Archive for cherries

crazy eights

Posted in delicious stories with tags on June 26, 2009 by thatwasdelicious

It all started with the cherries. Or perhaps it started long before, but for the sake of a story, let’s say:

It all started with the cherries.

I have been blessed with the ability to sleep soundly and deeply. Thunderstorms, emotional upheavals, anxiety may follow me through the day, but in the evening they leave me in peace. And leave me to my dreaming. Once asleep, I sleep. My body quiets its demands and let’s my mind untangle itself.

But there was something in the air that night.

I lurched out of sleep with a great and deep hunger. I had never been woken up in the middle of the night by such an intense desire to eat. The air was warm and sweet with the first heat of new summer, and I padded barefoot into the darkened kitchen. I pulled open the refrigerator door and took out a cool, blue bowl of new cherries. Under the glare of the refrigerator light the deep red of the cherries stood out starkly against the blue of the bowl, but in the darkened kitchen they lost their form and became a mass of cold, round, pebbles beneath my fingers.

I stood at the counter looking out the window over the sink. I stood in vrksasana, one leg resting against the inside of the other as I hungrily ate cherry after cherry, spitting the pits into the bowl. As the bowl grew emptier, the pits began to make a singing ping against the side of the bowl. I ate until there were no more cherries, and then, satiated I went back to sleep.

The next morning when I walked into the kitchen I saw the bowl of cherry pits on the counter and remembered with a sudden flash of heat to my belly what had pulled me out of bed the night before. There was the hunger, but before the hunger there had been a dream. I had dreamed that I was leaning over Jon. I saw him smiling in a way that made me know that he was giving over and into great happiness. And as I was peering at him, I realized that unlike in other dreams that I have had of him, I was watching, not participating in whatever the cause of joy was. I was removed, a mere spectator. And in that moment of realizing that I had become a spectator to his happiness, I felt as if a very large millstone had begun to grind. The times they were a changin’.

The next morning I wrote to Jon.

I told him about the cherries. I did not tell him about the dream.

Several weeks later I found an eight of diamonds. Eight of diamonds: Power, the power to destroy or create. Power to return from whence you came. At the time I didn’t know all that, all I knew is that every morning I woke up wondering if that day  would be the day Jon would tell me that there was someone else in his life.

We were sitting at the table, my aunt, my mother, my sister, and I when I got the email. The feeling of pending change that had been plaguing me for days suddenly had etheral life and form. Everything made sense all at once, which was too fast. Not thinking, I reached up to the thin red cord that was tied around my neck. With one sharp tug I snapped the cord and freed the tiny turquoise stone I had been wearing around my neck for the past seven months. There it was sitting in my hand–a cord the color of new chili peppers and a turquoise stone–the evidence of things broken. Claire took the stone from my hand, for safekeeping, she said, and I buried the cord in a pile of compost.
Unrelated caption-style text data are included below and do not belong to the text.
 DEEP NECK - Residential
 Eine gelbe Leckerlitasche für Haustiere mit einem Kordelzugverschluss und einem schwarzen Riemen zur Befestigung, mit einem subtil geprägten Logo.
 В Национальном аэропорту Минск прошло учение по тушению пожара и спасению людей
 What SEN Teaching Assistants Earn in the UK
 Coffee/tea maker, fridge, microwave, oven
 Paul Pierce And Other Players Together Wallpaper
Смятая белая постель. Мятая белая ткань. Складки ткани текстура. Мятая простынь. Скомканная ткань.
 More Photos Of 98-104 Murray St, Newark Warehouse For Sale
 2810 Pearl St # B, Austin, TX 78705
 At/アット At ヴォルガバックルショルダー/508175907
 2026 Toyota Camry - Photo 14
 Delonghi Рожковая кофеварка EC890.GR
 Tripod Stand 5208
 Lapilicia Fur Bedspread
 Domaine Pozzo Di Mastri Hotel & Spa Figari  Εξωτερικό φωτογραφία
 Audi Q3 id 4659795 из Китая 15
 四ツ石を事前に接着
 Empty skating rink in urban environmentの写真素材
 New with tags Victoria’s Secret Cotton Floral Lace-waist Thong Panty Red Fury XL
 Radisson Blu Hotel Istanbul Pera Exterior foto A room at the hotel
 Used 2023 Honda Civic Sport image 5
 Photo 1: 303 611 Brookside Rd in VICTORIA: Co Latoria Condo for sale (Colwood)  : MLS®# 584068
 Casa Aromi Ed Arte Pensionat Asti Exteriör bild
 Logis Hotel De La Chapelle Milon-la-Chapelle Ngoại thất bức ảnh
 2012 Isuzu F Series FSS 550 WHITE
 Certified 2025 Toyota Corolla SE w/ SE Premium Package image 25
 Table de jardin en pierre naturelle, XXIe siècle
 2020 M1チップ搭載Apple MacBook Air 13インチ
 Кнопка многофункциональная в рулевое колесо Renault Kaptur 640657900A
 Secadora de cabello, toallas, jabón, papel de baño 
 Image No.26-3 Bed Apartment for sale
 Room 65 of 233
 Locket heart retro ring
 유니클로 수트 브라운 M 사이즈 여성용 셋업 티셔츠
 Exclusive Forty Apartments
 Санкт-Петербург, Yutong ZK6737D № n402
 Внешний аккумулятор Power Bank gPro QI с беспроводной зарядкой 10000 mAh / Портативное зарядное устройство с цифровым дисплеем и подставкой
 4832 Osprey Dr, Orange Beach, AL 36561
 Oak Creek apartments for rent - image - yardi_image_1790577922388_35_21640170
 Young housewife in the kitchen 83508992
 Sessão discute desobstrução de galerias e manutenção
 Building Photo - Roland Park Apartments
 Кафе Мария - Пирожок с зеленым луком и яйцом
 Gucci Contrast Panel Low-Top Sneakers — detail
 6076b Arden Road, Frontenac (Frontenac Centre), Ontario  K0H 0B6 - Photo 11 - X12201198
Later that evening, I pulled a bowl of cherries from the refrigerator. As I looked down into the bowl I realized what the color the cherries were: Blood, when it has been deoxygenated turns a darker, cooler red. It’s never blue, but as it returns to the heart it is the color of cherries rather than the color of chili peppers. My hands were shaking when I reached for the first cherry, but I ate down one after another, their sharp new bruise-colored juices staining my fingers and teeth. I ate until I felt my heart beat steady– the thump reminding me that the constant exchange between me and the world would continue, The Wheel would turn.
And then I woke up.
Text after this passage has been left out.